_Web page caption snippets_:
========
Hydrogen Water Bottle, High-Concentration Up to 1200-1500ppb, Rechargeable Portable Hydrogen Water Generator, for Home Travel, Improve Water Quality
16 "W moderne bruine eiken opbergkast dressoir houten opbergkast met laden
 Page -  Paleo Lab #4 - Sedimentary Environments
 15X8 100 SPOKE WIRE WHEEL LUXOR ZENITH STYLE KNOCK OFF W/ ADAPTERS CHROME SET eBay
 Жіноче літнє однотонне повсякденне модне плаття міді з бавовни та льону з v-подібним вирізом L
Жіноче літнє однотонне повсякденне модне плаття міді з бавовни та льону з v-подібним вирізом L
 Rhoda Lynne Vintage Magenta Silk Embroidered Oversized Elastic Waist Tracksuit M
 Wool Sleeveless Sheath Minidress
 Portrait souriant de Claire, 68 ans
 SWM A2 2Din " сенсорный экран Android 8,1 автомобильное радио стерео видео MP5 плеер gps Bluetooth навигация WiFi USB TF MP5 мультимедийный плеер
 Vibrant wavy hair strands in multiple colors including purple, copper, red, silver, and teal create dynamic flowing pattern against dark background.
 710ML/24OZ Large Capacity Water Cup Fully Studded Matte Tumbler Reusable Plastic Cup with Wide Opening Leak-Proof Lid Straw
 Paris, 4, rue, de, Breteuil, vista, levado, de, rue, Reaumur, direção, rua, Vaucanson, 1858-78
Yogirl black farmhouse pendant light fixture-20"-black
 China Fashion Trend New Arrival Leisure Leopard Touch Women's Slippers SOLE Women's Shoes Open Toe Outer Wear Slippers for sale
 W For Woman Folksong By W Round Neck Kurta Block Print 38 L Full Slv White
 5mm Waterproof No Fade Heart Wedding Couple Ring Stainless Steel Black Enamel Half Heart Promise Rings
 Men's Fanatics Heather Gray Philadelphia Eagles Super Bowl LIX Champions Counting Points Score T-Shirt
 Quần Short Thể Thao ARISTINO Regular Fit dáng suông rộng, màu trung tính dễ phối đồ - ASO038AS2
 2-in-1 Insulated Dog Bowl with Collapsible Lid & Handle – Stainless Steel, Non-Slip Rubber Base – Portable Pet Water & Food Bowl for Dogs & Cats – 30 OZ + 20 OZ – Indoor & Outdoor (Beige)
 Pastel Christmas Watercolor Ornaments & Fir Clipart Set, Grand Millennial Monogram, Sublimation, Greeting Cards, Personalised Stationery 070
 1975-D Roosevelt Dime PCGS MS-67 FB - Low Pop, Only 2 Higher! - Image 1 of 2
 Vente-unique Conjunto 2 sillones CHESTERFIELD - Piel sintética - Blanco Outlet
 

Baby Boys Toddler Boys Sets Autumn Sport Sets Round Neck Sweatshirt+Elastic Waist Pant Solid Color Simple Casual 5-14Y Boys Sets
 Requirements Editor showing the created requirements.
========
_Your goal_:
Each line of the data that has the string "вирізом" should be returned.

_Response for this exercise_:
 Жіноче літнє однотонне повсякденне модне плаття міді з бавовни та льону з v-подібним вирізом L
Жіноче літнє однотонне повсякденне модне плаття міді з бавовни та льону з v-подібним вирізом L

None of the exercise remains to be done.